Обсуждение: sort mem: size in RAM vs size on Disk

Поиск
Список
Период
Сортировка

sort mem: size in RAM vs size on Disk

От
"mark"
Дата:
Hi all,


I am wondering if anyone has any estimates on how much larger a working set
for a sort is when the query execution puts it in memory vs when it spills
out to disk. It seems like sorts in memory are larger than they are if they
still out to disk. (which I could understand), I am just looking for a
general 'rule' if I see 20M in an exernal disk merge that it means I would
have needed 2 x that for work_mem before it would not have spilled out. (2x
seems to be about right thus far)


Also I am seeing COPY statements (to stdout) have temp files a lot. These
copies have a select in them so usually them temp file is only a few meg,
yet no matter how large my work_mem is they always seem to use a temp file.
Is this normal or should I keep looking into this? E.g. my work mem is 32MB
currently and I see some copies to stdout use a 12MB temp file.

3rd question:

If I see (eg.) pgsql_tmp25049.0 and then pgsql_tmp25049.1, pgsql_tmp25049.2,
pgsql_tmp25049.3 should I assume the max file size for a temp file is 1024MB
and then it spills to the next one ?(it would not surprise me if this query
needed Gigs of temp files...). is it normal for .0 to be sub 1024MB while 1
and 2 are ? they all list the same same statement as the cause and I don't
think we ran it 3 times.



Thank you,

-Mark


Re: sort mem: size in RAM vs size on Disk

От
Peter Geoghegan
Дата:
What version of PostgreSQL are you using? sort_mem is now called
work_mem (to better reflect the reality that it isn't just used in
sorting, I think), and has been for some time.

--
Peter Geoghegan       http://www.2ndQuadrant.com/
PostgreSQL Development, 24x7 Support, Training and Services

Re: sort mem: size in RAM vs size on Disk

От
mark
Дата:
On Thu, Mar 10, 2011 at 8:03 AM, Peter Geoghegan <peter@2ndquadrant.com> wrote:
> What version of PostgreSQL are you using? sort_mem is now called
> work_mem (to better reflect the reality that it isn't just used in
> sorting, I think), and has been for some time.
>
> --
> Peter Geoghegan       http://www.2ndQuadrant.com/
> PostgreSQL Development, 24x7 Support, Training and Services
>

I hang my head somewhat down in shame as I type this...- 8.3.7

I just used the term "sort mem" as it's the sorting operations that I
am typically seeing spilling over to disk when I check the query with
an explain analyze.

I understand that work_mem is a more accurate description.

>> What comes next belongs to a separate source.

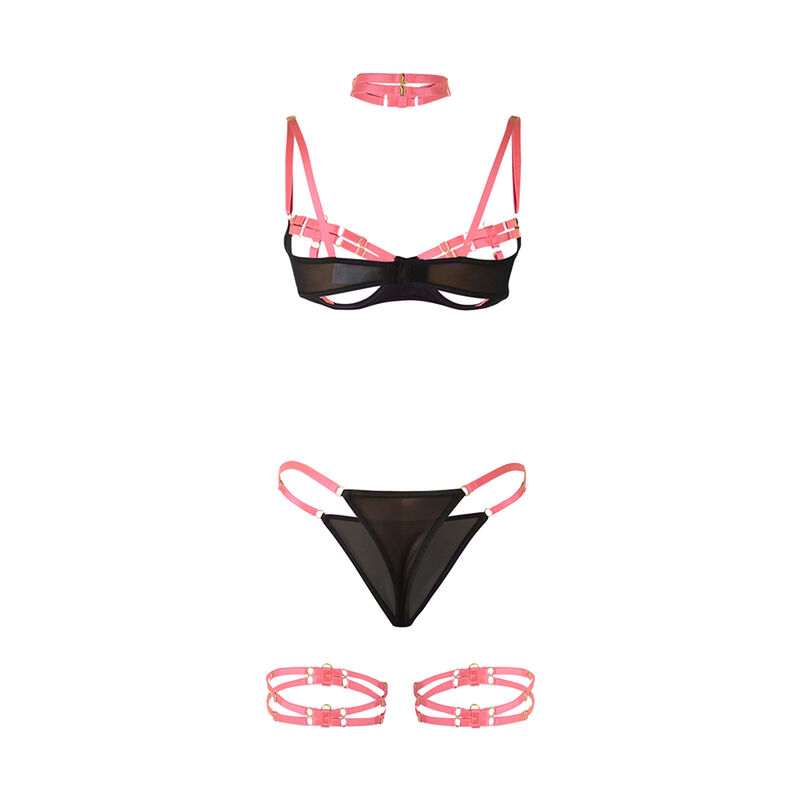 Subblime - 955304 Set Sutien cu Colier și Detalii pe Coapse Roz Fluorescent L/XL 6 img 200185 75ae63aac3c9f67091ae41c67968b248 1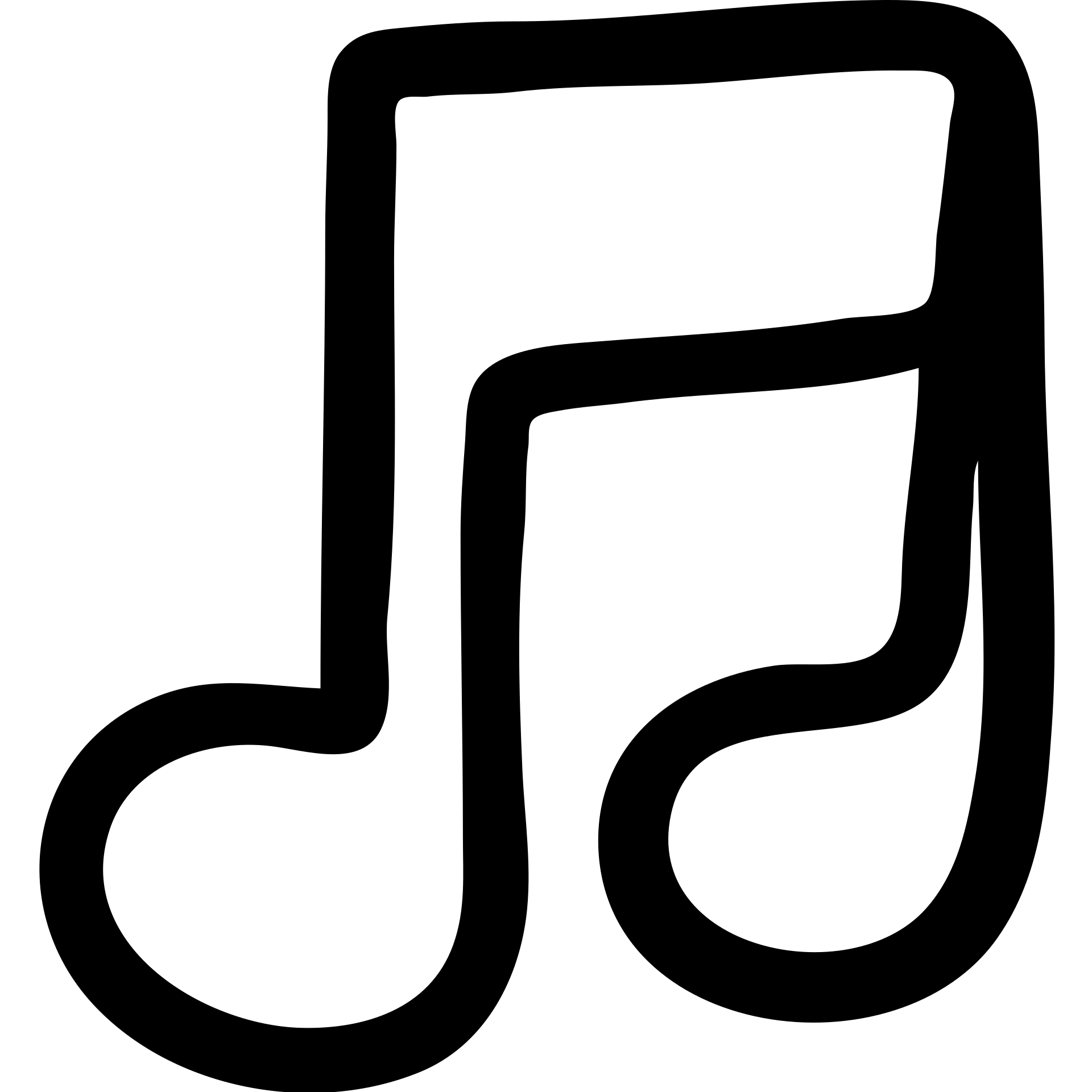 music icon, hand-drawn black outlined style emoji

in summary it seems that if I see a temp file logged of say 20MB I
need about 40MB of work_mem before it doesn't spill to disk. just
wondering if I am at all accurate with this or if I am way off base.

thanks

-Mark

Re: sort mem: size in RAM vs size on Disk

От
"Igor Neyman"
Дата:
> -----Original Message-----
> From: mark [mailto:dvlhntr@gmail.com]
> Sent: Thursday, March 10, 2011 9:37 AM
> To: pgsql-general@postgresql.org
> Subject: sort mem: size in RAM vs size on Disk
>
> Hi all,
>
>
> I am wondering if anyone has any estimates on how much larger
> a working set for a sort is when the query execution puts it
> in memory vs when it spills out to disk. It seems like sorts
> in memory are larger than they are if they still out to disk.
> (which I could understand), I am just looking for a general
> 'rule' if I see 20M in an exernal disk merge that it means I
> would have needed 2 x that for work_mem before it would not
> have spilled out. (2x seems to be about right thus far)
>
>
> Also I am seeing COPY statements (to stdout) have temp files
> a lot. These copies have a select in them so usually them
> temp file is only a few meg, yet no matter how large my
> work_mem is they always seem to use a temp file.
> Is this normal or should I keep looking into this? E.g. my
> work mem is 32MB currently and I see some copies to stdout
> use a 12MB temp file.
>
> 3rd question:
>
> If I see (eg.) pgsql_tmp25049.0 and then pgsql_tmp25049.1,
> pgsql_tmp25049.2,
> pgsql_tmp25049.3 should I assume the max file size for a temp
> file is 1024MB and then it spills to the next one ?(it would
> not surprise me if this query needed Gigs of temp files...).
> is it normal for .0 to be sub 1024MB while 1 and 2 are ? they
> all list the same same statement as the cause and I don't
> think we ran it 3 times.
>
> Thank you,
>
> -Mark
>

Mark, you are about right in regards to ratio between required work_mem
size and the size that sort operation occupies on disk.  work_mem needs
to be 2-3 times greater than sort occupies on disk.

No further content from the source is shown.